A publicly owned company will take over East Coast operations when NXEC hits the buffers, Lord Adonis, the Secretary of State for Transport, announced yesterday. The process of finding a replacement operator from the private sector will then start at the end of 2010.

The decision is just the start of a lengthy row over liabilities. The Government yesterday criticised National Express's refusal to stump up further funds and threatened to withdraw its two other rail franchises, c2c and East Anglia. However, National Express said it was only legally committed to funding NXEC to the tune of £72m – £32m in a bond that acts as a default penalty and a £40m subordinated loan, of which £17.5m has already been drawn. It also disputed the legality of claims on its other two rail contracts, maintaining that they are only forfeit in the event of a default. Technically, there is no default, National Express said. Handing back the franchise when it has used up all the money the parent group is contracted to provide is within the remit of the deal. It is reported to have offered £100m to terminate the deal amicably.

John Devaney, National Express's executive chairman, said: "It is disappointing that it has not been possible to find a solution that protects the best interests of all stakeholders. Our clear legal advice is that the group's financial obligations to the franchise are clearly defined and limited."

Regardless of the legal technicalities, National Express's future in the UK rail industry looks bleak. "I note that the parent groups of previous franchise failures are no longer in the UK rail business," Lord Adonis said. "It is simply unacceptable to reap the benefits of contracts when times are good, only to walk away from them when times become more challenging."

East Coast's problems are not about performance. The trouble is that recession has blown a hole in the revenue predictions in the contract. In 2007, National Express's winning tender was based on assumptions that annual passenger revenue growth would be 10 per cent, and set annual payments to the Government accordingly. But with consumers shopping around for cheap, pre-booked tickets, and business customers trading down from first class, growth in the first half of 2009 came in at just a single percentage point.

The problem for the parent company is that it has £1.2bn in debt and cannot afford to pump more cash into a haemorrhaging subsidiary.

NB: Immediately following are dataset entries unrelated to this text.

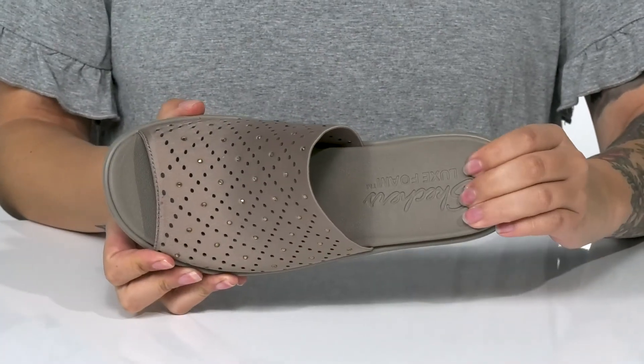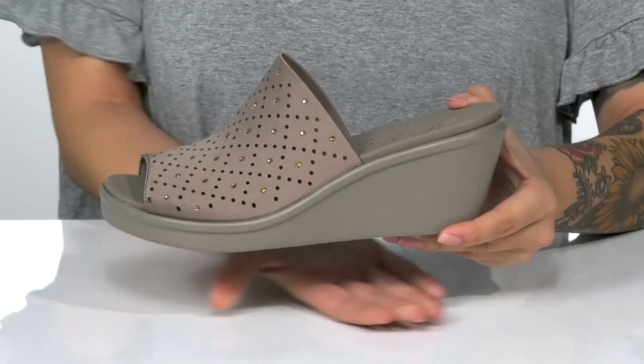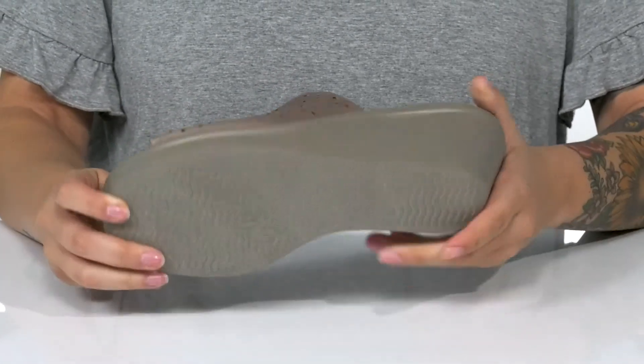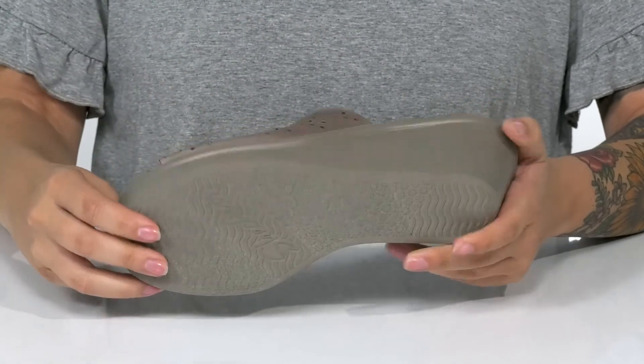The footbed is cushioned with Luxfoam for that all-day wear. The wedged midsole will boost you up around 2.5 inches in height, and underneath there is a lightly textured outsole for traction.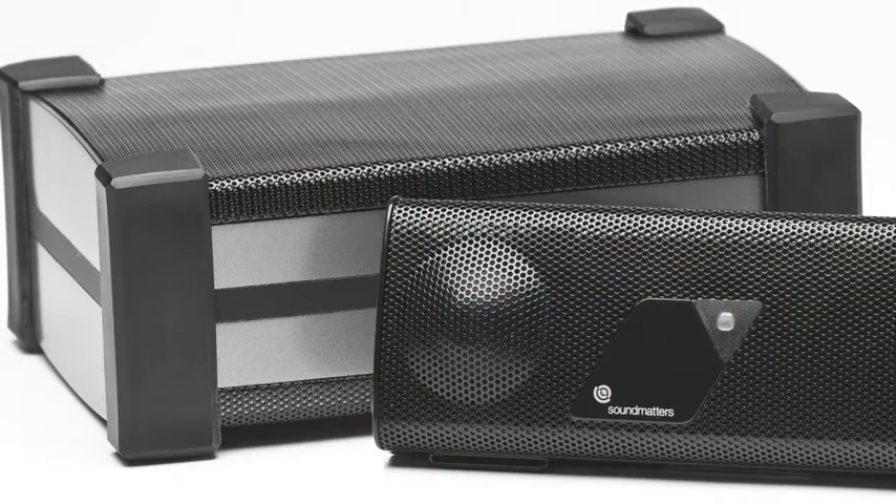The Foxlow from Sound Matters is a portable subwoofer for use with the Foxlow speaker and other compact speakers. The bass boost from this thing is shocking. It's priced at $149.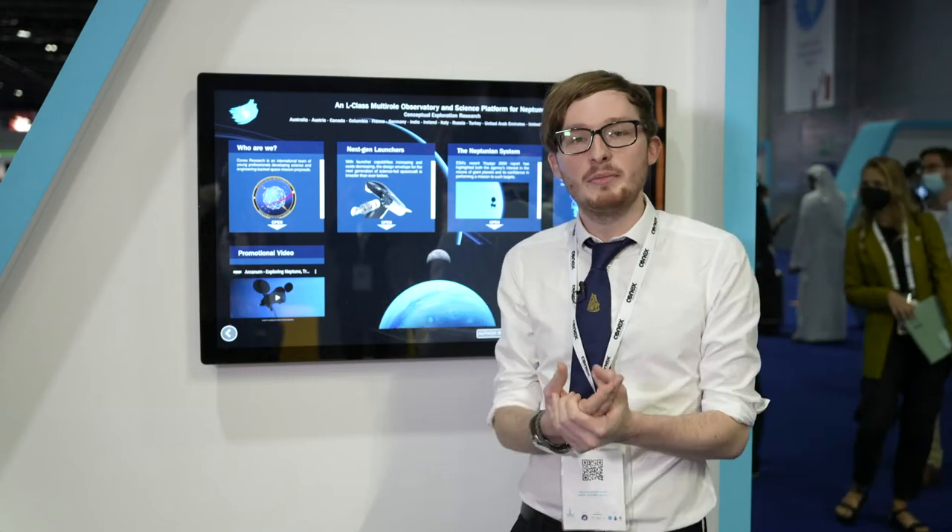I'm James, and I'm here as part of an international team from 14 different countries called Connex Research. This group began during the 2020 lockdowns as a way for passionate space scientists, engineers, people from media — anyone who really wanted to work on space science — to collaborate virtually, all online.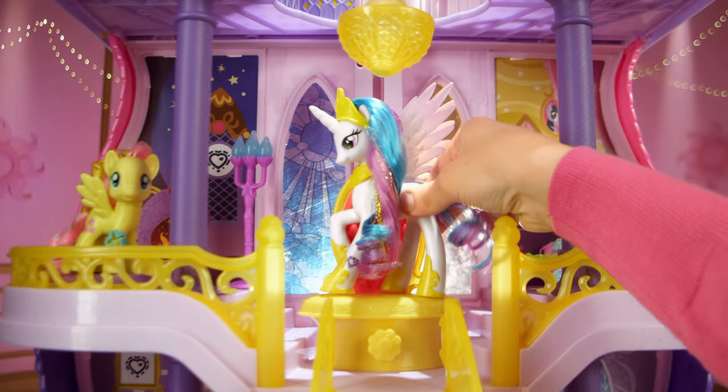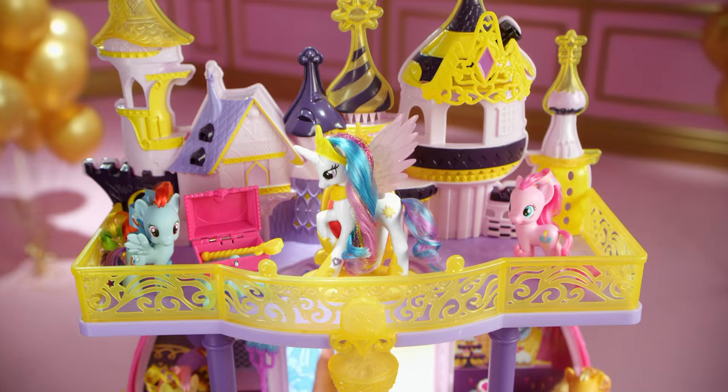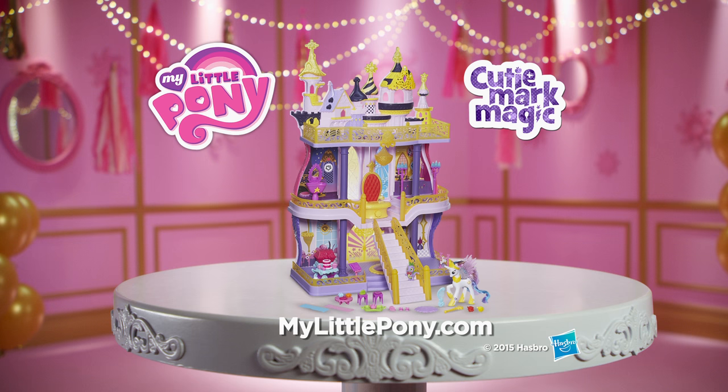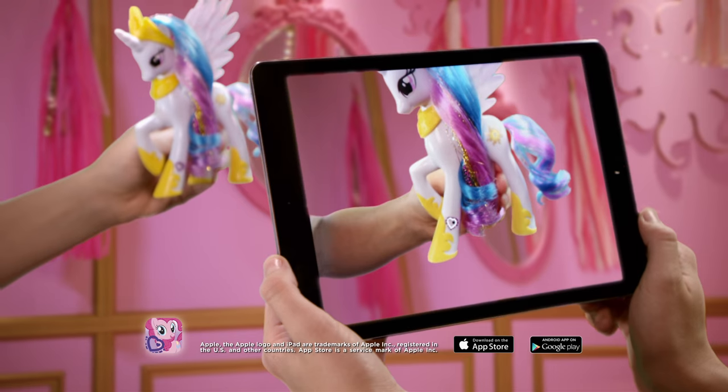My Little Pony Princess Celestia — watch her rise to the top. New Canterlot Castle comes with Princess Celestia and over 40 accessories. Some assembly required. Other ponies each sold separately.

It is already costing the company £72m to forgo East Coast, and while critics may baulk at a penalty so small relative to the size of the deal, it is enough to hurt National Express.

Gert Zonneveld, an analyst at Panmure Gordon, said: "For a company with a market capitalisation of about £400m, £72m is still a huge number, and if the group is forced to hand over the other two franchises, that hit would end up being more than £100m."

Even without East Coast, National Express's problems are not over, with a rights issue or substantial disposals expected before the end of the year. "Last year's Ebitda number for the rail business was close to £100m, this year it will be not much above zero," Mr Zonneveld said. "The company needs to rethink its balance sheet structure: it has too much debt for the profits it is making, and by the end of this year will probably be breaching its banking covenants."

In the short term, such decisions will fall to Ray O'Toole, the chief executive of the UK division, who is stepping in as chief operating officer until Mr Bowker's successor is found.

The company yesterday claimed Mr Bowker's departure is not linked to the East Coast debacle. He is leaving to take the top job at Union Railway in the United Arab Emirates.

However, the City was not convinced. "The guy that digs the hole is rarely the one to get you out," one source said. "Someone has to take responsibility for East Coast and the company would have struggled to raise fresh equity with the same person in charge. The jury was always out about whether Richard Bowker was a top-quality chief executive and this disaster has forced him out."

This week National Express rejected an all-share offer from rival FirstGroup, which may now be tempted to approach the company again. It has also been linked with possible suitors from the European transport sector.